Untuk itu, dibutuhkan tim keluarga yang solid dan saling mendukung. Beberapa pendekatan ini dapat Anda terapkan untuk membantu anggota keluarga Anda yang tengah berjuang melawan kanker nasofaring:

  • Berikan dukungan emosional

Saat terdiagnosis kanker, reaksi seseorang bisa bermacam-macam. Mulai dari marah, sedih, takut, khawatir, kesepian, frustrasi, hingga dihantui kematian. Beritahu dirinya bahwa sebagai keluarga Anda akan selalu berada di sampingnya untuk sama-sama berjuang. Siapkan diri Anda jika ia ingin menceritakan keluh kesah tentang penyakitnya.

Hindari membandingkan situasi dirinya dengan situasi pasien kanker lainnya. Setiap kondisi pasien dapat berbeda-beda meski menderita penyakit yang sama.

  • Temani ketika pasien harus berobat

Masa pengobatan pasien kanker dapat berlangsung lama dan melelahkan. Sering kali kejenuhan akan melanda dan membuat pasien kanker bosan untuk berobat. Sebisa mungkin, selalu temani pasien setiap kali harus menjalani pengobatan. Saat menemani pasien berobat, jika situasinya memungkinkan, Anda bisa melontarkan candaan atau guyonan yang bisa membuatnya tertawa dan terhindar dari sts.

  • Bekali informasi tentang kanker nasofaring

Carilah informasi sebanyak mungkin tentang kanker nasofaring, seperti cara menghadapi keluhan-keluhan pasien, efek yang dialami pasien setelah kemoterapi, kiat membangkitkan nafsu makan pasien, dan sebagainya. Jangan hanya bergantung pada penjelasan dari dokter. Karena bagaimanapun, sebagai anggota keluarga, Anda adalah orang pertama yang akan diandalkan oleh pasien.
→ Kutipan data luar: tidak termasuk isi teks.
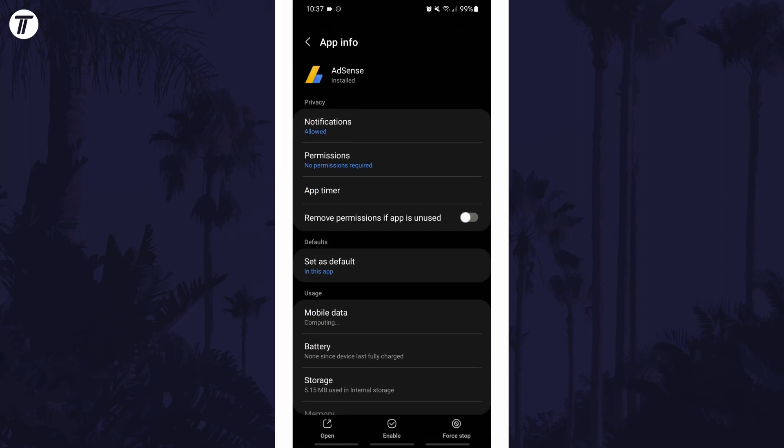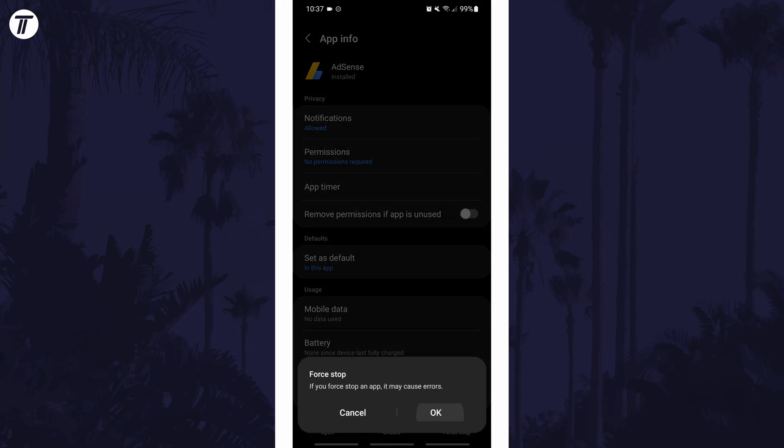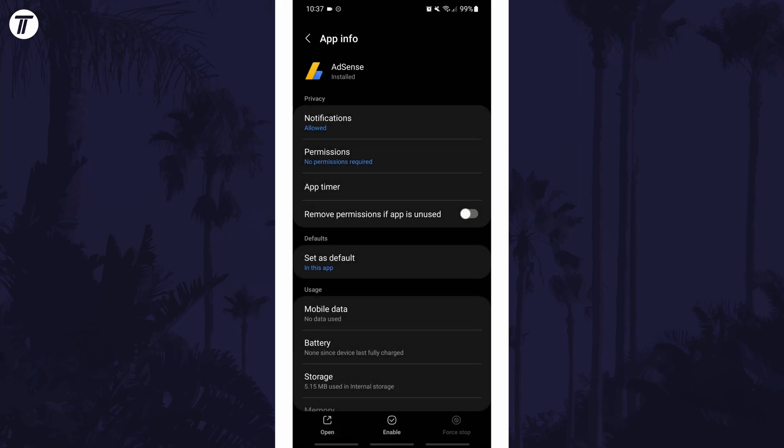On this page, one of the options along the bottom should be called force stop and you can tap on that and then OK. And so that is how to force stop an app on an Android phone or tablet.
  • Jangan malu untuk meminta bantuan

Anda mungkin merasa malu untuk meminta bantuan kepada anggota keluarga lain. Sebenarnya bantuan tidak selalu bersifat materi, dukungan moril pun bisa sangat berharga. Tidak ada yang salah, kok, jika Anda memerlukan tangan kedua. Mendampingi pasien kanker setiap hari dapat sangat melelahkan fisik maupun mental. Karena itu, Anda tak perlu ragu mencari bantuan, agar beban sedikit terangkat.

  • Bangun tim keluarga yang solid

Hindarilah bergantung kepada satu orang saja. Bentuk keluarga yang solid dan saling membantu. Misalnya: sang ayah sebagai pencari nafkah utama sedang mengalami sakit kanker. Hindari menumpukkan seluruh beban keluarga (mulai dari menjadi tulang punggung keluarga, merawat rumah, mengurus anak) pada sang istri saja. Jika anak sudah dewasa, tak ada salahnya untuk ikut mengerjakan sebagian pekerjaan rumah yang biasa dilakukan sang ibu.
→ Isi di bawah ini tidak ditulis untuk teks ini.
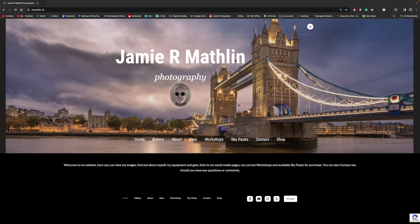If you haven't already seen my new website, take a look at jrmathlin.uk. There's good information about me, the gear I use, and the night sky pack mentioned in this video. I've added a preview now so you can see what images you're getting before you purchase.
Dukungan dari keluarga untuk pasien kanker nasofaring – termasuk penyakit kanker lainnya – sangat penting untuk tingkat kesembuhan dan harapan hidupnya. Sebagai keluarga, tetaplah hadir di sisinya untuk sama-sama berjuang. Biarkan penderita tahu bahwa Anda dapat diandalkan dan bersedia membantunya merasa tetap nyaman dan bahagia.